=== Begin Enclosure ===

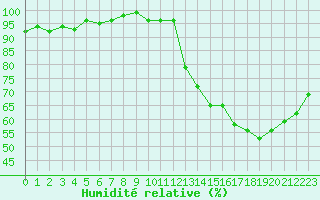 Courbe de l'humidit relative pour Cernay-la-Ville (78)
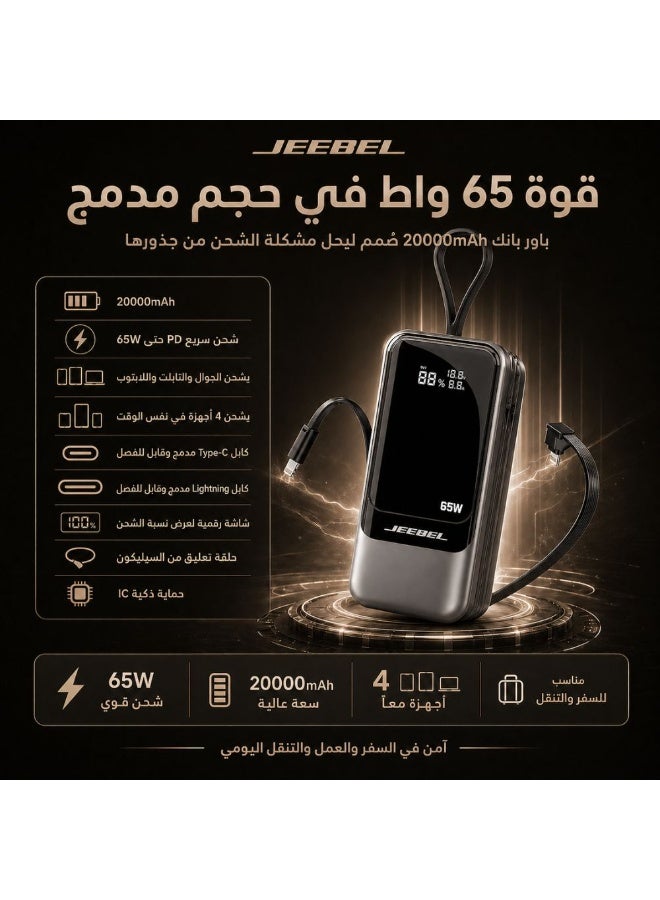 Jeebel 20000mAh Power Bank 65W Fast Charging with Built-in Cables & Digital Display – Laptop Compatible - Image 3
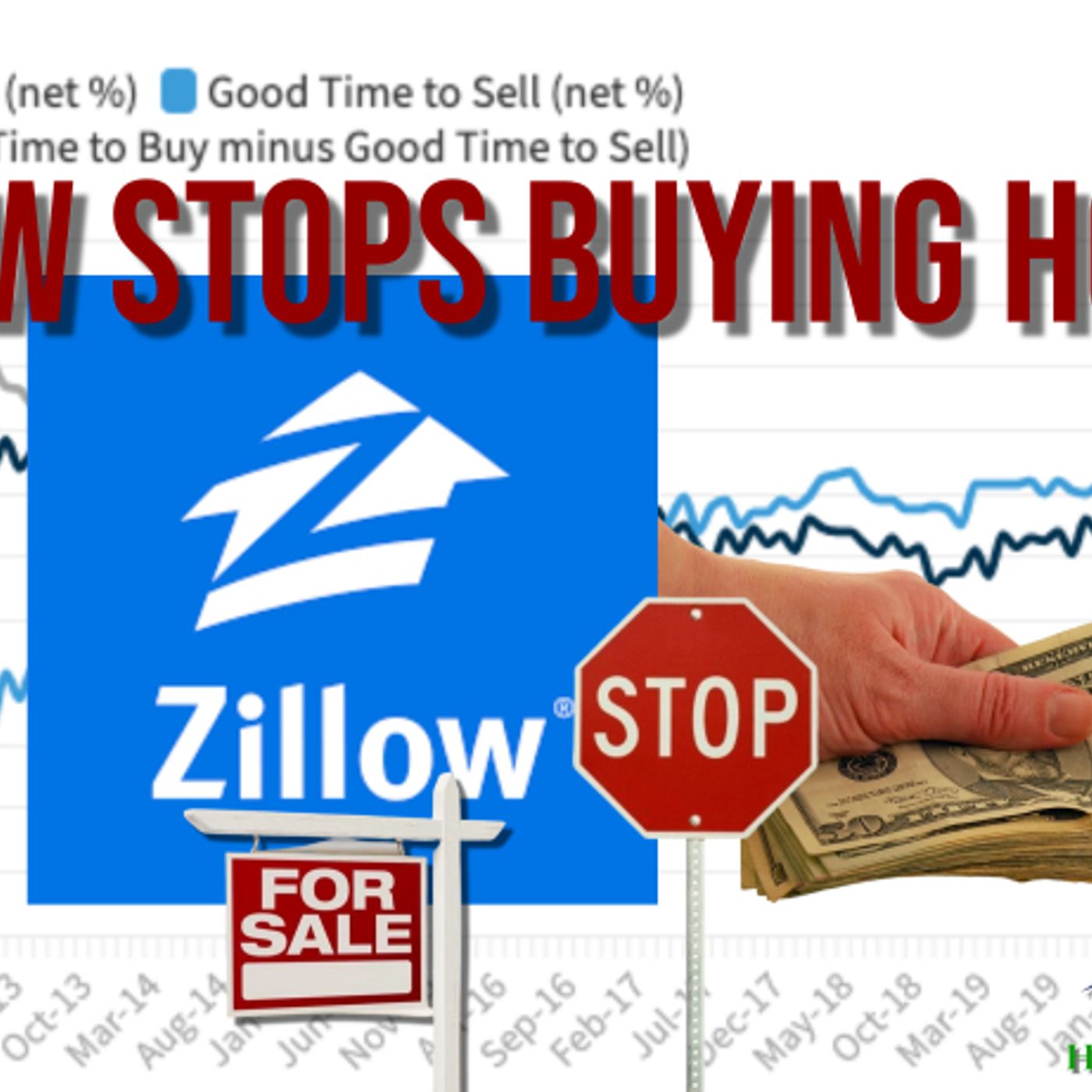 Zillow stops buying & why that is a bad thing for you in real estate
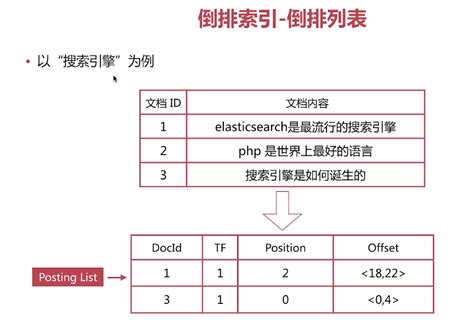 Elasticsearch 倒排索引详解 Liuxinyu123 博客园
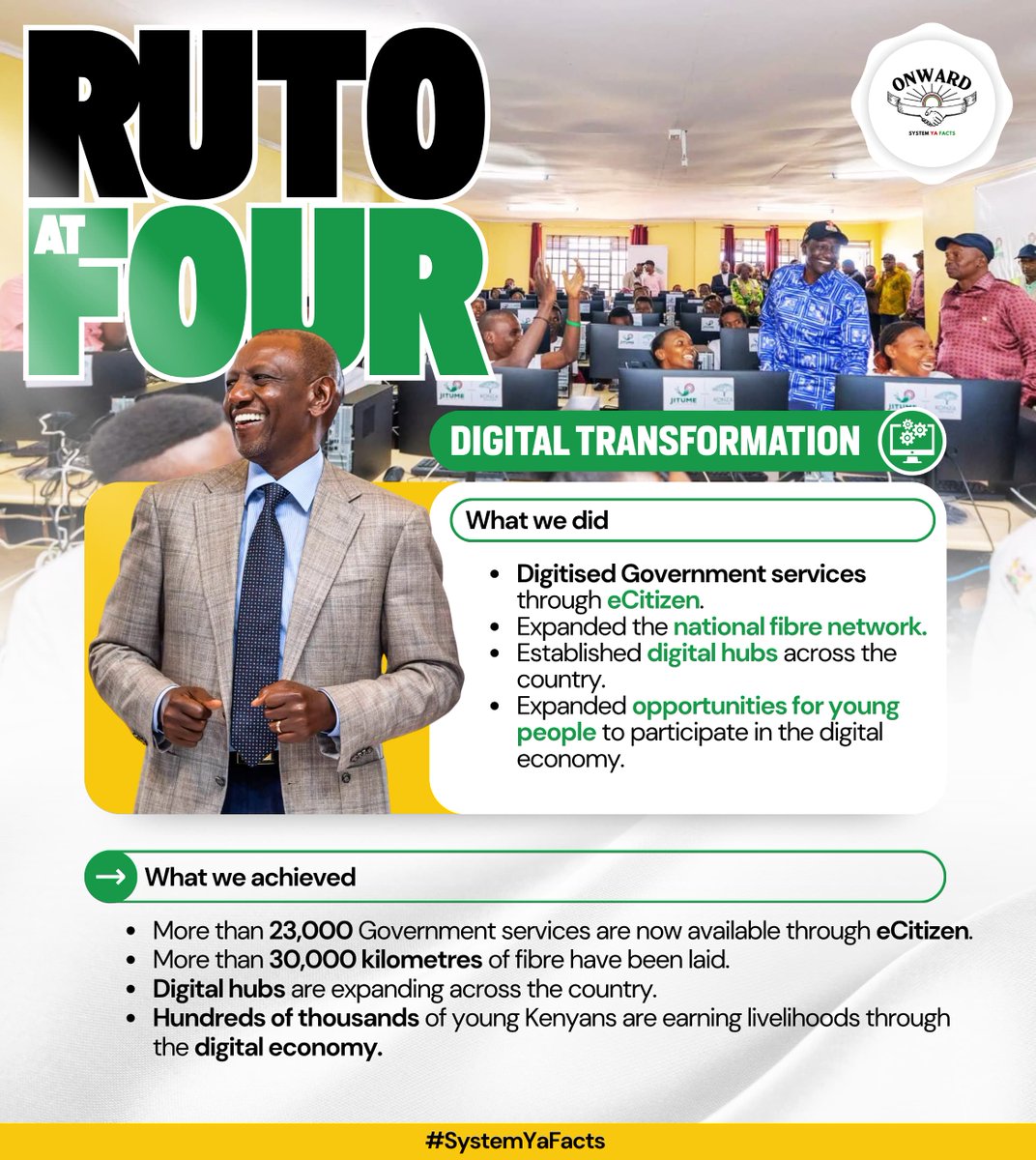 LMyoot7's tweet photo. Digital transformation advanced with 23,000 government services digitised and 30,000 kilometres of fibre laid to enhance connectivity.
#RutoAtFour
Numbers Dont Lie https://t.co/11HGKEiDhZ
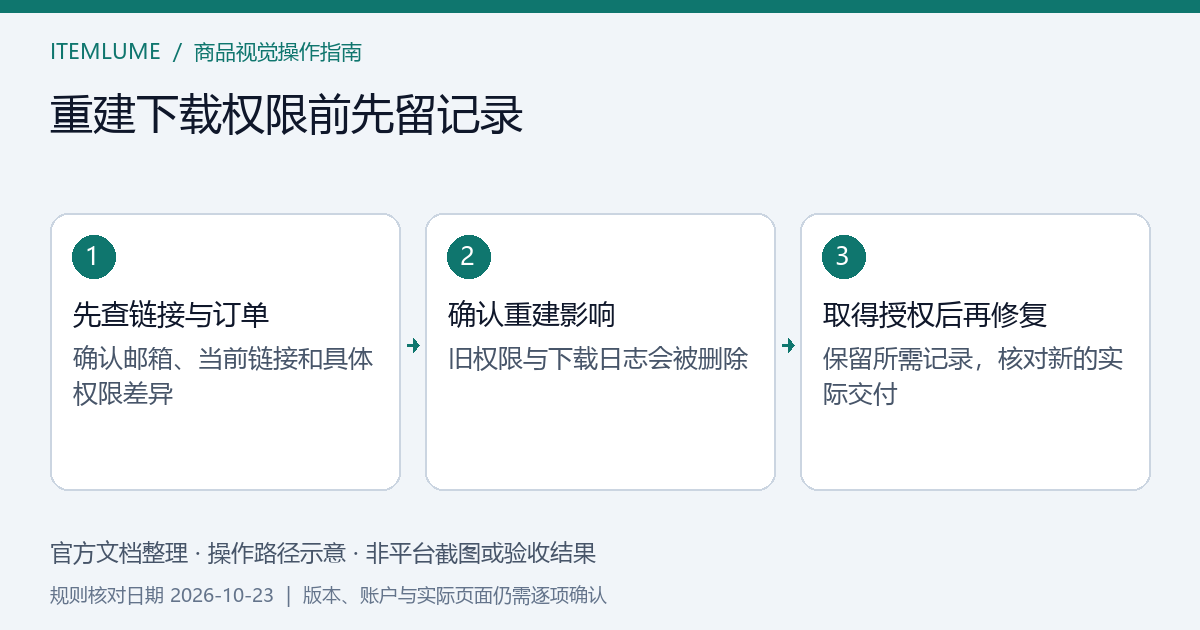 商品视觉模板包下载故障中，先核对订单与权限再决定是否重建的示意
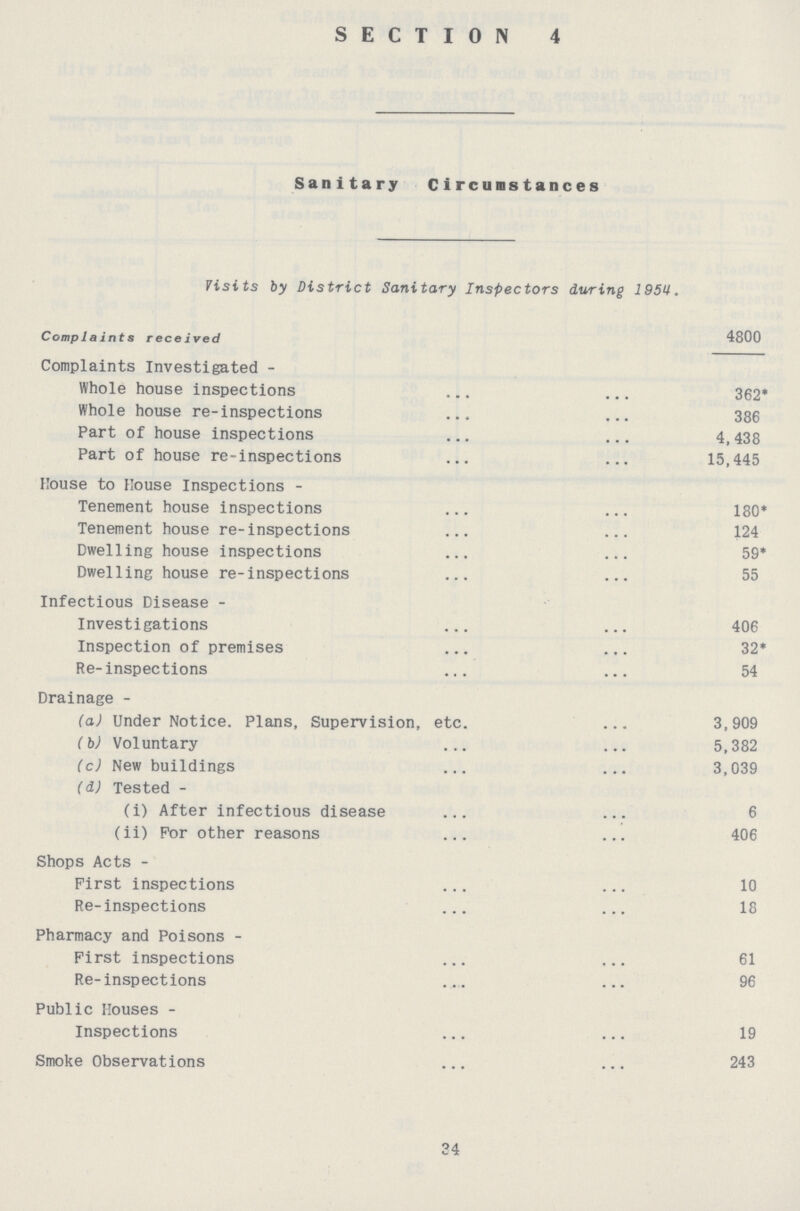 SECTION 4 Sanitary Circumstances Visits by District Sanitary Inspectors during 1954. Complaints received 4800 Complaints Investigated - Whole house inspections 362* Whole house re-inspections 386 Part of house inspections 4,438 Part of house re-inspections 15,445 House to House Inspections - Tenement house inspections 180* Tenement house re-inspections 124 Dwelling house inspections 59* Dwelling house re-inspections 55 Infectious Disease - Investigations 406 Inspection of premises 32* Re-inspections 54 Drainage - (a) Under Notice. Plans, Supervision, etc. 3,909 (b) Voluntary 5,382 (c) New buildings 3,039 (d) Tested - (i) After infectious disease 6 (ii) For other reasons 406 Shops Acts - First inspections 10 Re-inspections 18 Pharmacy and Poisons - First inspections 61 Re-inspections 96 Public Houses - Inspections 19 Smoke Observations 243 34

=== End Enclosure ===

• [What the task requires]:
Copy every entry exactly, leaving out the pictures.

• [Output]:
 Courbe de l'humidit relative pour Cernay-la-Ville (78)
 Jeebel 20000mAh Power Bank 65W Fast Charging with Built-in Cables & Digital Display – Laptop Compatible - Image 3
 Zillow stops buying & why that is a bad thing for you in real estate
 Elasticsearch 倒排索引详解 Liuxinyu123 博客园
 LMyoot7's tweet photo. Digital transformation advanced with 23,000 government services digitised and 30,000 kilometres of fibre laid to enhance connectivity.
#RutoAtFour
Numbers Dont Lie https://t.co/11HGKEiDhZ
 商品视觉模板包下载故障中，先核对订单与权限再决定是否重建的示意
 SECTION 4 Sanitary Circumstances Visits by District Sanitary Inspectors during 1954. Complaints received 4800 Complaints Investigated - Whole house inspections 362* Whole house re-inspections 386 Part of house inspections 4,438 Part of house re-inspections 15,445 House to House Inspections - Tenement house inspections 180* Tenement house re-inspections 124 Dwelling house inspections 59* Dwelling house re-inspections 55 Infectious Disease - Investigations 406 Inspection of premises 32* Re-inspections 54 Drainage - (a) Under Notice. Plans, Supervision, etc. 3,909 (b) Voluntary 5,382 (c) New buildings 3,039 (d) Tested - (i) After infectious disease 6 (ii) For other reasons 406 Shops Acts - First inspections 10 Re-inspections 18 Pharmacy and Poisons - First inspections 61 Re-inspections 96 Public Houses - Inspections 19 Smoke Observations 243 34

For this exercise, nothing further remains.